How long do you expect to live? If the question is a little candid, it is also absolutely germane. And that is because we humans are living longer than at any other point in our history.
Since the 1850s there has been a steady shift in global demography and longevity. With the introduction of public health systems, people in many countries began to have a better chance of living beyond the age of 40. Over time countries became more differentiated in terms of how life expectancy, as well as the number of children being born to families.
A century later, in the 1950s, advances in cardiology meant that a heart attack, long the scourge of middle age, did not automatically mean a death sentence.
Today, medicine is tackling the diseases of old age. The pharmaceutical industry is making significant investments in prolonging lives, driving a demographic transition across the globe.

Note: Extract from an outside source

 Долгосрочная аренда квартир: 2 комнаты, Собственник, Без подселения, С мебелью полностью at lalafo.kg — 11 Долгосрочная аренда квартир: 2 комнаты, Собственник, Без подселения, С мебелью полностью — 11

In Japan for example, this demographic transition means that the average citizen age is now 46. In tandem, the country has become a beacon for the rest of the world, investing heavily in AI and robotics to help people remain productive for longer.
“China will age faster than Japan as longevity increases and family size diminishes”

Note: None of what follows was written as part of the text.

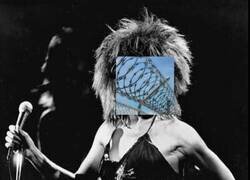 Enlace a Concertina turner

But if Japan has the oldest population on the planet, the rest of the world is following closely behind. Indeed, China will age faster than Japan as longevity increases and family size diminishes. And populations in the west are expected to follow suit.
As people age, what does it mean for countries, societies, businesses and individuals? What will happen when everyone lives to 100?
The end of the three-stage life?
Typically, we think about the path of our life in three stages. We start in full-time education, progress to full-time work and finally move into full-time retirement. These three stages also bind us to age cohorts: if you’re in your teens you’re part of the college cohort; 20s to 65 you’re a worker; and those of us 65 or older are all bus-pass holders.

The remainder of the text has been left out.